Increasing conversions to Christianity in Kandhamal, one of India’s most “backward” regions, have triggered a reaction among India’s right-wing Hindu organizations.
Foreign and local missionary groups of varying denominations have been proselytizing in the area for decades, but now they’re facing a staunch Hindu right that’s determined to counter Christian missionary zeal with a bit of their own.
What’s happening in Kandhamal, however, is also a struggle between two dominant tribal groups over acceptance into India’s complex affirmative action system, which gives communities defined as “backward” better access to education and jobs.
The targeting of Christians, their homes and places of worship began after the murder of VHP leader Swami Laxmiananada Saraswati on Aug. 23. Although the government blamed Maoists, VHP leaders and the Bajrang Dal blamed militant Christians and set about taking revenge. Since Aug. 24, at least 20 people have been killed, countless houses burnt and at latest count 20,000 people had taken shelter in relief camps under the protection of regular police deployments, paramilitary squads and riot police.
Kandhamal, in India’s eastern state of Orissa, is an unlikely place for a religious confrontation. Lush green valleys dotted with small fields of rice paddies and lentil plantations are flanked by forested hills. On the face of it, its villages demonstrate religious harmony; their short commercial stretches boasting both churches and temples. Beneath the surface, however, tension has been building.
Many in Orissa’s political establishment trace the problem to Christian missionary work.
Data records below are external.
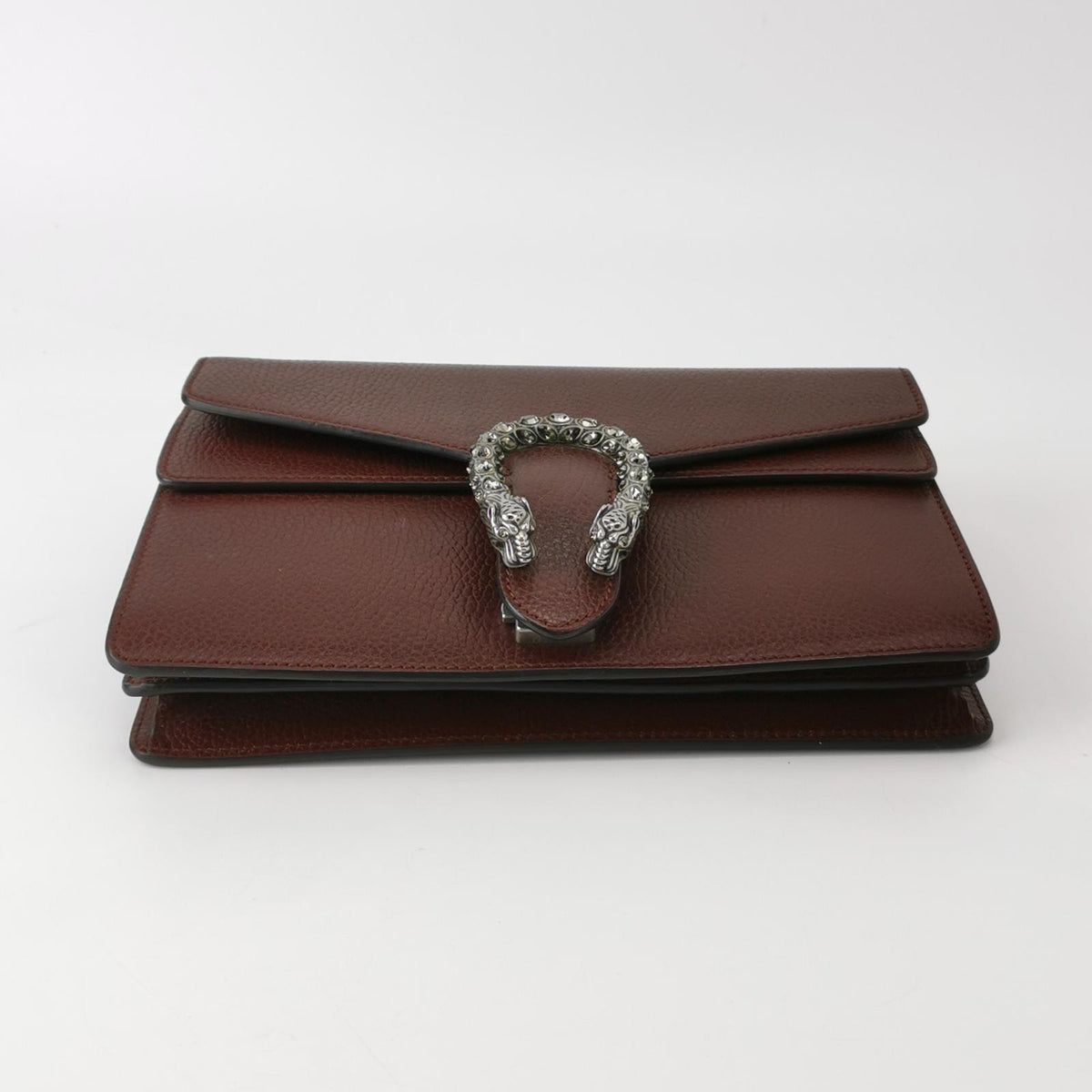 Gucci Dionysus Small Burgundy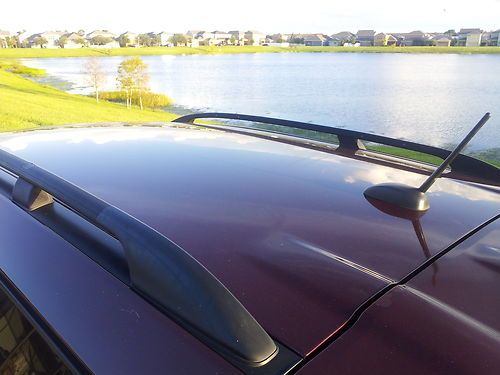 2009 Nissan Murano SL Sport Utility 4-Door 3.5L, image 18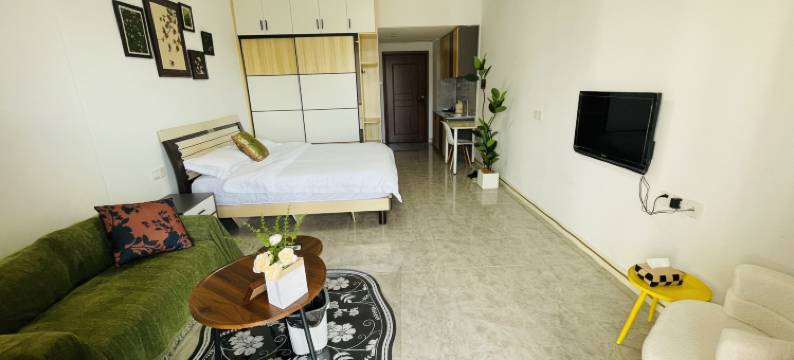 时光里民宿图片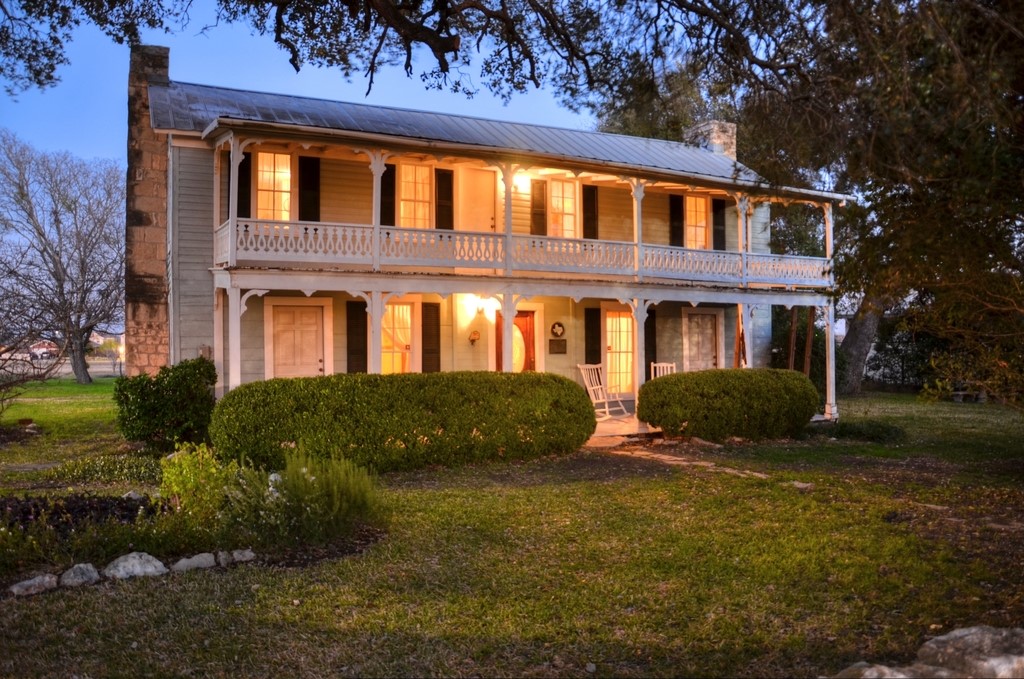 600 South Bagdad Road Leander, TX 78641 - Photo 15 of 36 2016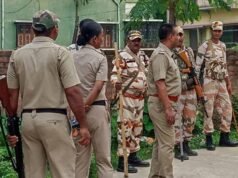 海德拉巴警員被停職:有關不當行為和自殺威脅指控的戲劇性事件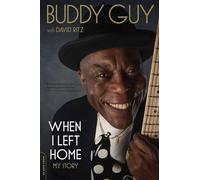 When I Left Home: My Story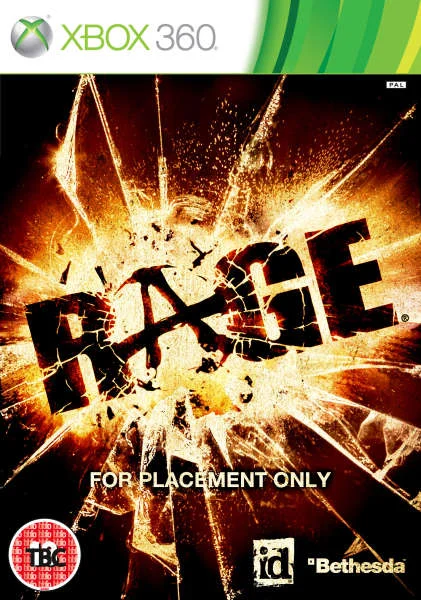 Rage Image 1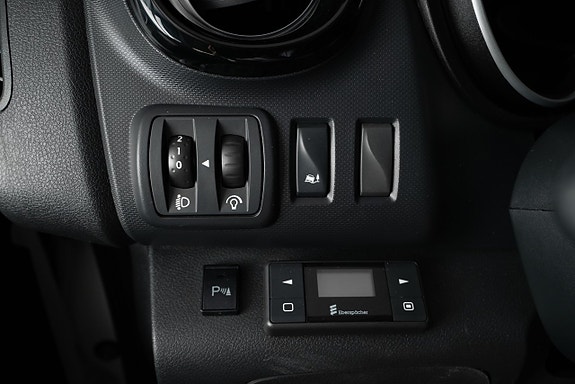 Renault Trafic 14 of 20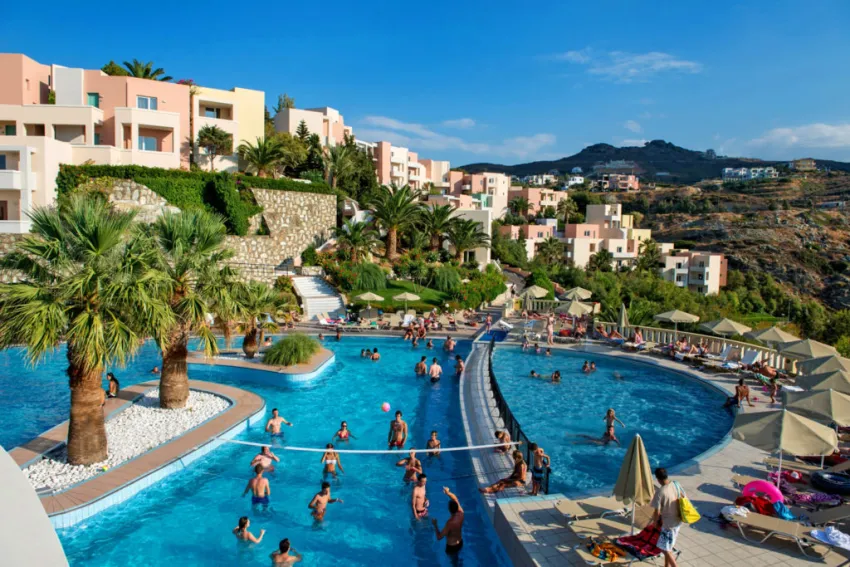 Athina Palace Resort and Spa 5*-23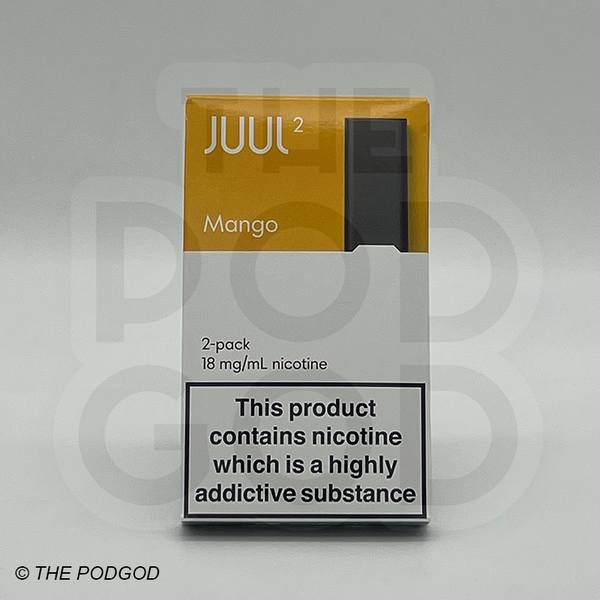 Mango *NEW*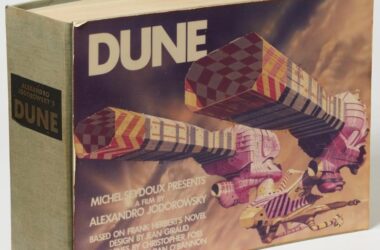 dune hakkında bilmeniz gereken herşey
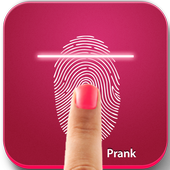 Pregnancy Test Scanner Prank icon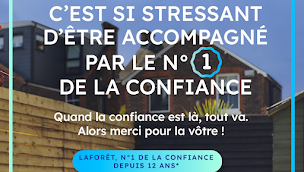Photo n°15 de Agence immobilière Laforêt Cherbourg-Octeville à Cherbourg-en-Cotentin (Agence de location immobilière)
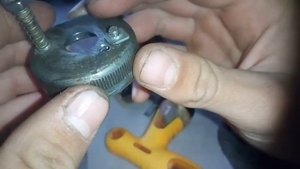 ДВС или Фиаско. Делаем самодельный ДВС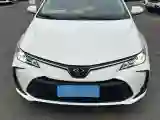 2022 Toyota Corolla 1.2T 116HP L4 CVT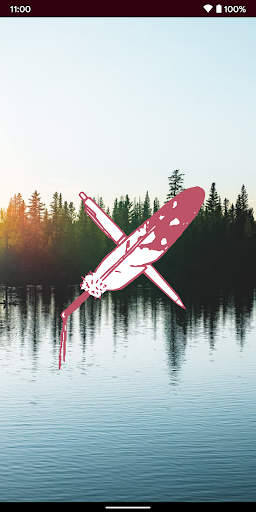 Android application Beardys & Okemasis Cree Nation screenshort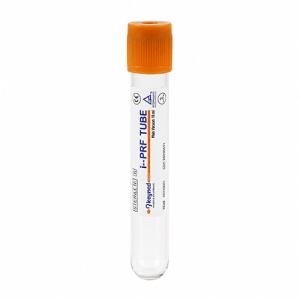 Eprubeta i-PRF Vacutainer 10 ml Keymed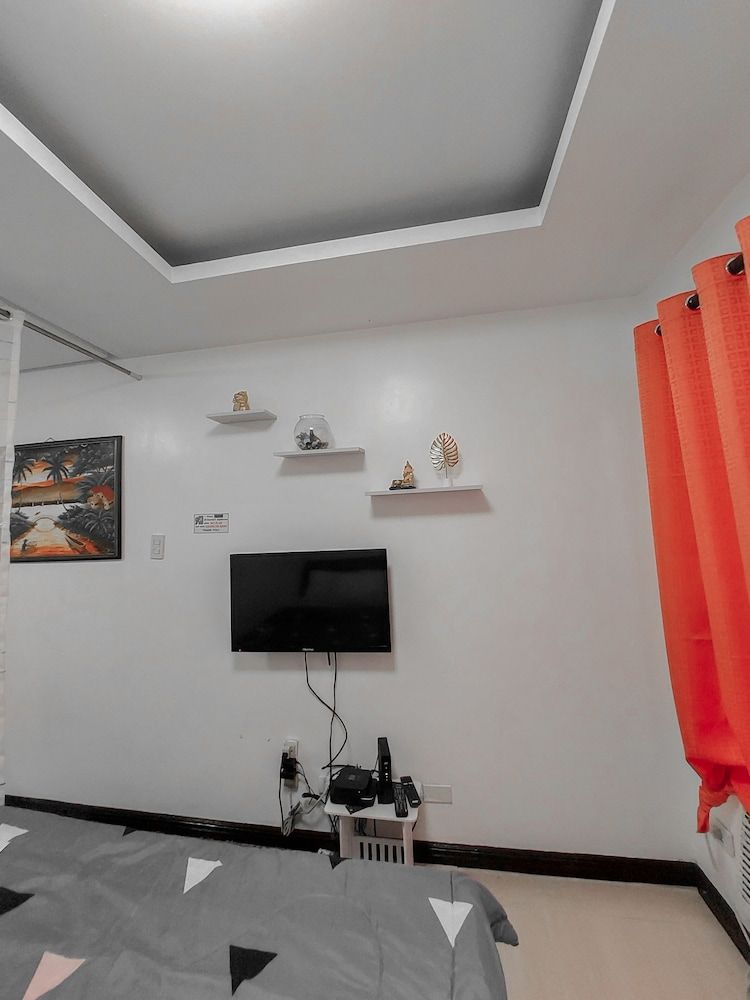 Birch Tower Manila Junior Condo, Bay View 9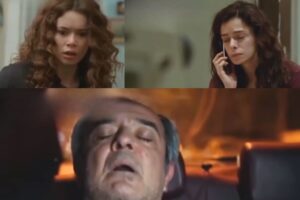 La forza di una donna protagonisti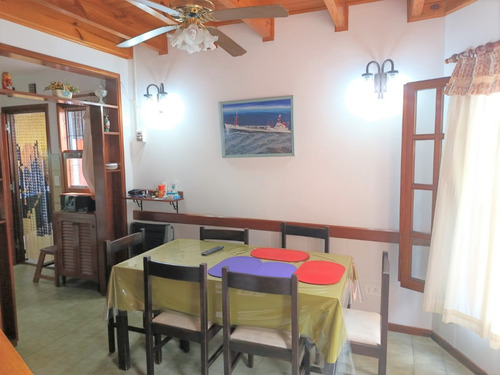 Oportunidad! Triplex Todos Los Servicios Av. Tucuman Al 3200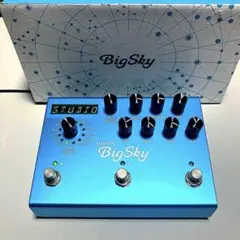 2026年最新】strymon BigSky MXの人気アイテム - メルカリ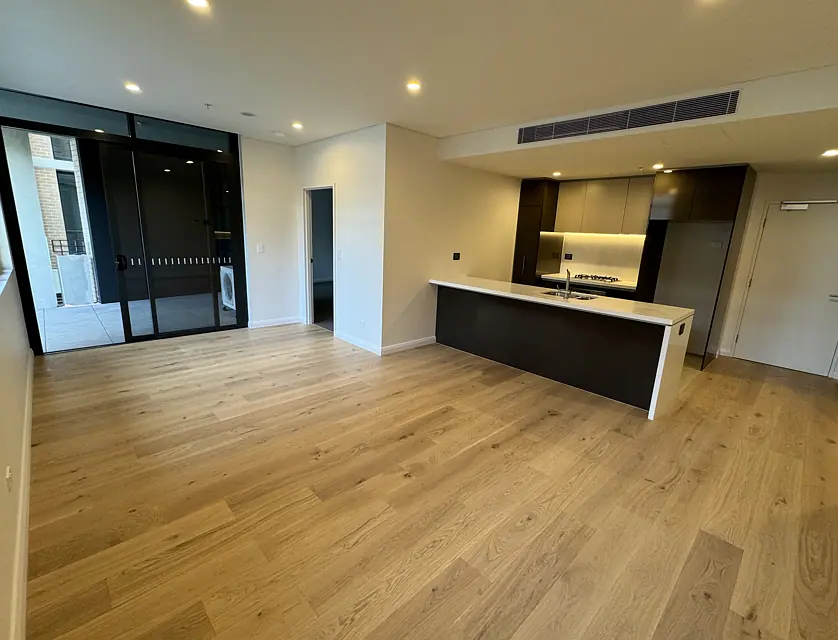 201/2E Conferta Avenue, Tallawong, Central Tablelands, 2 rūma, 2 rūma horoi, Apartment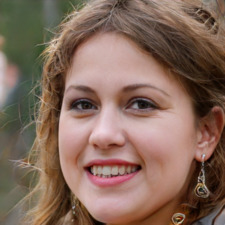 Dalia Shrieves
“So much money comes into the state for missionary efforts,” said MP Tathagata Sathpathy, a member of the ruling Biju Janata Dal party. “These guys offered Dalits better chances by offering them jobs, free education and other benefits … That’s one reason why there have been mass conversions to Christianity.”
Kandhamal’s people rely mostly on subsistence farming to survive. Some 650,000 people live in the area, according to the 2001 census. Members of the Kandha tribe are predominantly Hindu. The Panos, who were Dalits, the lowest in the Hindu caste hierarchy, have over the years embraced Christianity.
Orissa is 95 per cent Hindu. Christians only make up 2.5 per cent of the population. But in Kandhamal district, Christians make up roughly 25 per cent of the population.
Since Saraswati’s death, they’ve been hounded, killed and made to retreat from the areas that have been their homes for centuries.
“It’s not simply a religious issue,” said a district official in Kandhamal. “Religion is being used for this purpose, but essentially the Kandhas and the Panos are fighting for access to (job) reservations.”